__AIM OF THE EXERCISE__: In your copy, include every line of the records exactly and no picture at all.

Image-text web data

*** Block opens ***

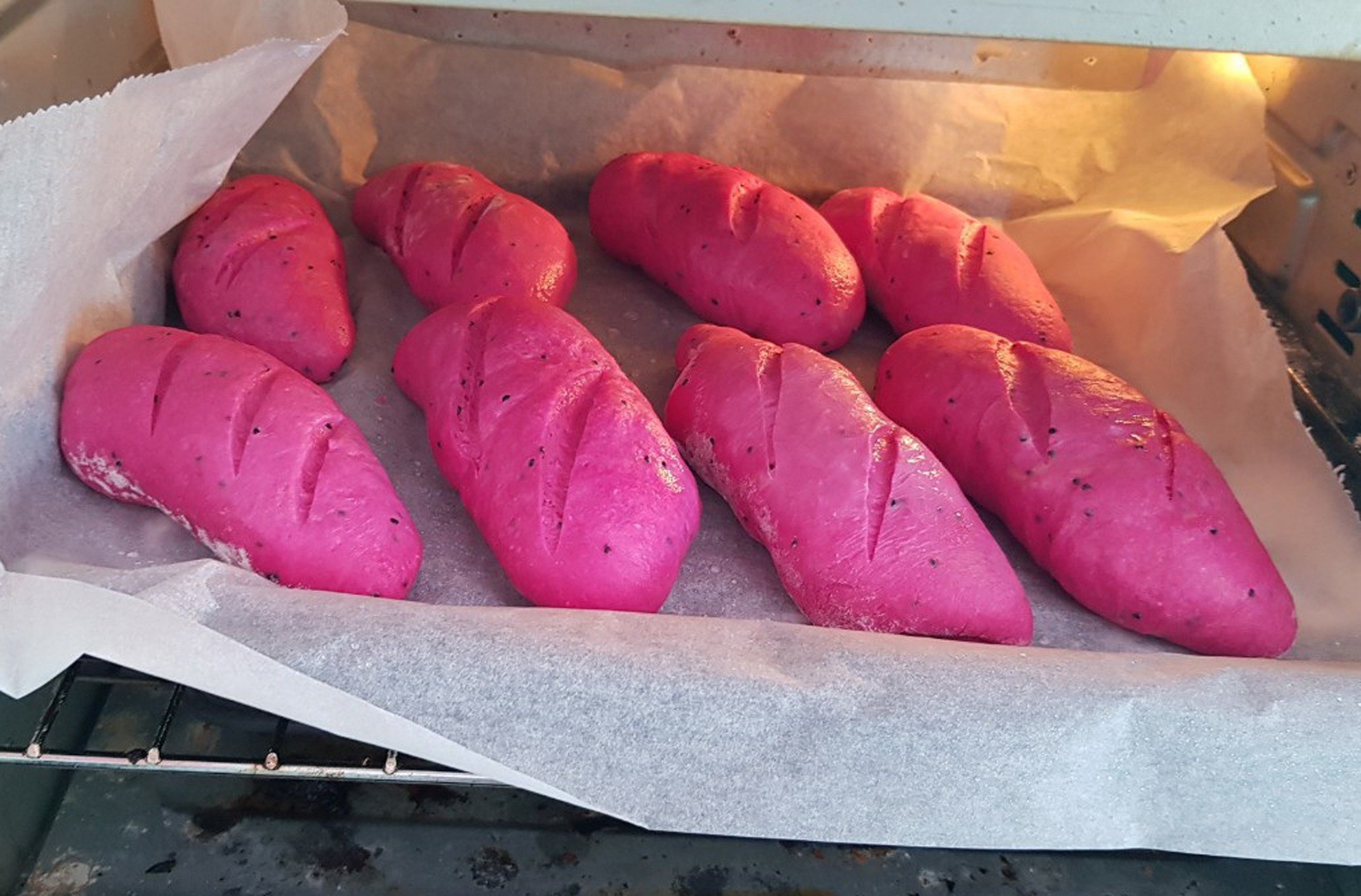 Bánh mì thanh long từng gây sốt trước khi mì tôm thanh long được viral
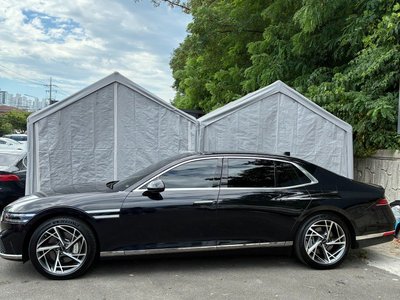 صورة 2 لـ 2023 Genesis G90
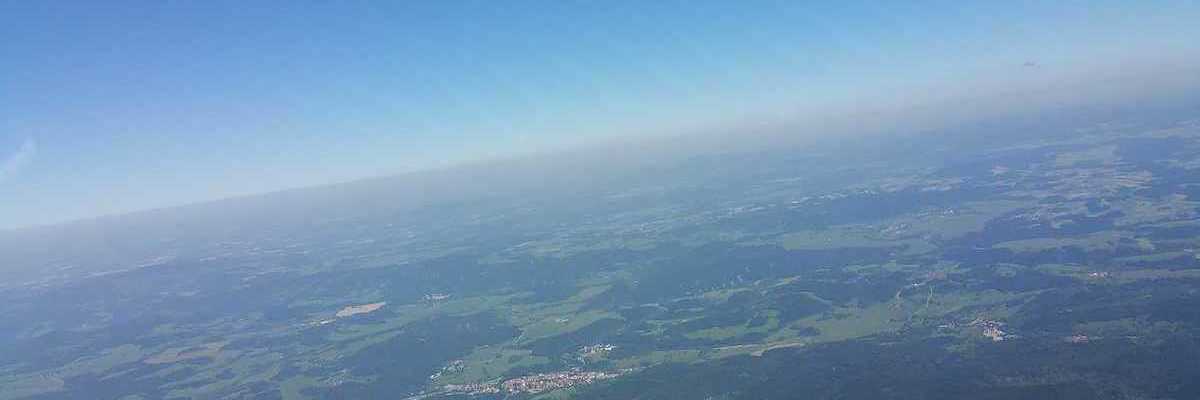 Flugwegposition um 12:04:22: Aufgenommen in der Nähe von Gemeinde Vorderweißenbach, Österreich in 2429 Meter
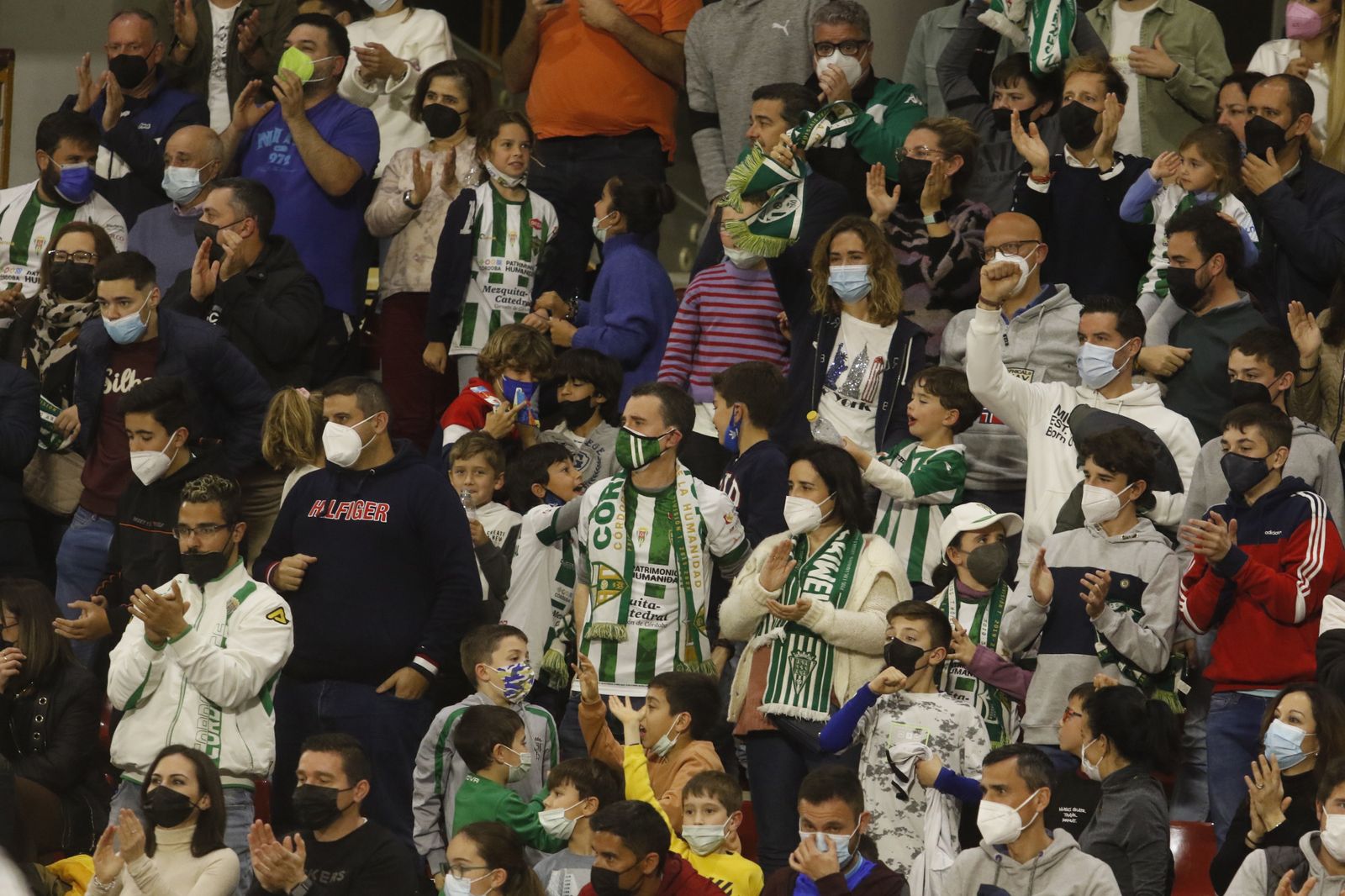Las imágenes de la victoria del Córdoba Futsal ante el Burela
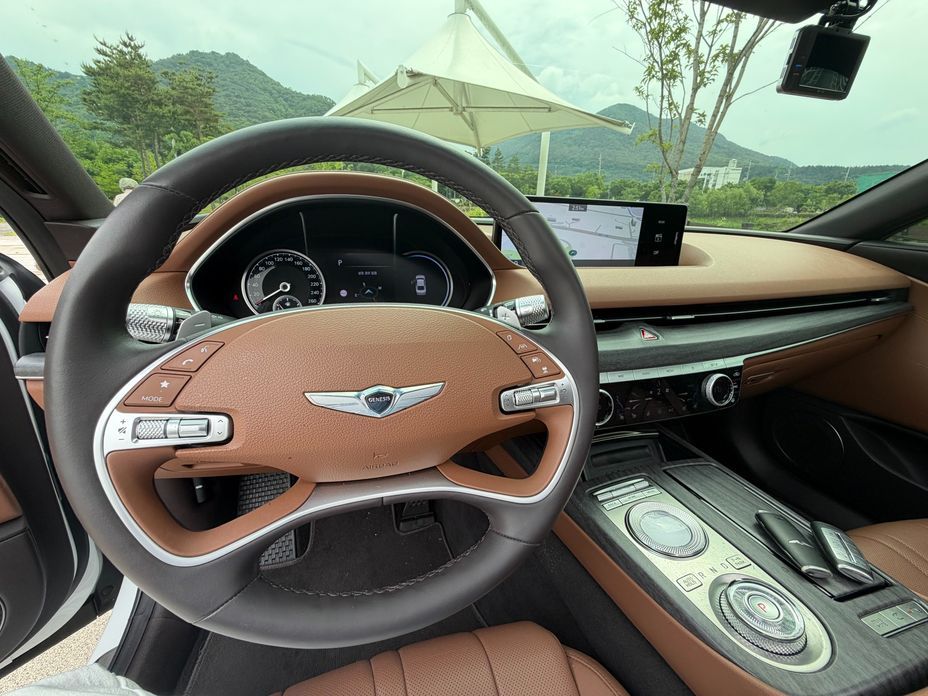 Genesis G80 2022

*** Block closes ***

__SOLVED PROBLEM__:
 Bánh mì thanh long từng gây sốt trước khi mì tôm thanh long được viral
 صورة 2 لـ 2023 Genesis G90
 Flugwegposition um 12:04:22: Aufgenommen in der Nähe von Gemeinde Vorderweißenbach, Österreich in 2429 Meter
Las imágenes de la victoria del Córdoba Futsal ante el Burela
 Genesis G80 2022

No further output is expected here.